| What to produce |
Repeat the data below word for word.

| Task inputs |
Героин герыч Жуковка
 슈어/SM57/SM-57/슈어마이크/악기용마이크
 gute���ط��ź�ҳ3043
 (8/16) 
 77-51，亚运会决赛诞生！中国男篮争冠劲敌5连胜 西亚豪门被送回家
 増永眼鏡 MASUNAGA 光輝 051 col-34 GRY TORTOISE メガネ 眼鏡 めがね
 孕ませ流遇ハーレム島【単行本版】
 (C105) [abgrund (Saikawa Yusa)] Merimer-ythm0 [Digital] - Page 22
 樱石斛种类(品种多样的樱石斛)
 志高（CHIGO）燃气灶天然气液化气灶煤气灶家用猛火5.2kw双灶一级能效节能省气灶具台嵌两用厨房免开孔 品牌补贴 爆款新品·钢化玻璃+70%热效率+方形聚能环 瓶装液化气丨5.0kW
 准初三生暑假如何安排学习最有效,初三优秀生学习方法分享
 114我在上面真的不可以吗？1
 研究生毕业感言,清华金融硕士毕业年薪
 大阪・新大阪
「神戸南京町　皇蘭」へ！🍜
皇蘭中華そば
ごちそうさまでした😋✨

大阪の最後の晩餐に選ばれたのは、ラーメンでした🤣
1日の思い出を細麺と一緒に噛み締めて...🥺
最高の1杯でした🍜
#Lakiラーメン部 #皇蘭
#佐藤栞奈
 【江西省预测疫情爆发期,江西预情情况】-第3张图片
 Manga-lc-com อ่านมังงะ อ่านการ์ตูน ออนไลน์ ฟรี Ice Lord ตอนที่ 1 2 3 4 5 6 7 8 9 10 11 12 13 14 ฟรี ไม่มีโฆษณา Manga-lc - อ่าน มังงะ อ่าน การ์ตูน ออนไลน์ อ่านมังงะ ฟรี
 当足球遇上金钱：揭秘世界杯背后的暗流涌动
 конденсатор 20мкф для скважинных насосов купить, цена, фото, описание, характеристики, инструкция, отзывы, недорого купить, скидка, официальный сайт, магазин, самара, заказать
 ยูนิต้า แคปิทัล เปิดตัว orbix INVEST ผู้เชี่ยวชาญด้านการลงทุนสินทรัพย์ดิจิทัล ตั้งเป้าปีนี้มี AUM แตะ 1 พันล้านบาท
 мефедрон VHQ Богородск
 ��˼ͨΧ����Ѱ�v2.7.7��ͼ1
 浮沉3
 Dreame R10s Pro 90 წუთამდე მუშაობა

| Response area |
Героин герыч Жуковка
 슈어/SM57/SM-57/슈어마이크/악기용마이크
 gute���ط��ź�ҳ3043
 (8/16) 
 77-51，亚运会决赛诞生！中国男篮争冠劲敌5连胜 西亚豪门被送回家
 増永眼鏡 MASUNAGA 光輝 051 col-34 GRY TORTOISE メガネ 眼鏡 めがね
 孕ませ流遇ハーレム島【単行本版】
 (C105) [abgrund (Saikawa Yusa)] Merimer-ythm0 [Digital] - Page 22
 樱石斛种类(品种多样的樱石斛)
 志高（CHIGO）燃气灶天然气液化气灶煤气灶家用猛火5.2kw双灶一级能效节能省气灶具台嵌两用厨房免开孔 品牌补贴 爆款新品·钢化玻璃+70%热效率+方形聚能环 瓶装液化气丨5.0kW
 准初三生暑假如何安排学习最有效,初三优秀生学习方法分享
 114我在上面真的不可以吗？1
 研究生毕业感言,清华金融硕士毕业年薪
 大阪・新大阪
「神戸南京町　皇蘭」へ！🍜
皇蘭中華そば
ごちそうさまでした😋✨

大阪の最後の晩餐に選ばれたのは、ラーメンでした🤣
1日の思い出を細麺と一緒に噛み締めて...🥺
最高の1杯でした🍜
#Lakiラーメン部 #皇蘭
#佐藤栞奈
 【江西省预测疫情爆发期,江西预情情况】-第3张图片
 Manga-lc-com อ่านมังงะ อ่านการ์ตูน ออนไลน์ ฟรี Ice Lord ตอนที่ 1 2 3 4 5 6 7 8 9 10 11 12 13 14 ฟรี ไม่มีโฆษณา Manga-lc - อ่าน มังงะ อ่าน การ์ตูน ออนไลน์ อ่านมังงะ ฟรี
 当足球遇上金钱：揭秘世界杯背后的暗流涌动
 конденсатор 20мкф для скважинных насосов купить, цена, фото, описание, характеристики, инструкция, отзывы, недорого купить, скидка, официальный сайт, магазин, самара, заказать
 ยูนิต้า แคปิทัล เปิดตัว orbix INVEST ผู้เชี่ยวชาญด้านการลงทุนสินทรัพย์ดิจิทัล ตั้งเป้าปีนี้มี AUM แตะ 1 พันล้านบาท
 мефедрон VHQ Богородск
 ��˼ͨΧ����Ѱ�v2.7.7��ͼ1
 浮沉3
 Dreame R10s Pro 90 წუთამდე მუშაობა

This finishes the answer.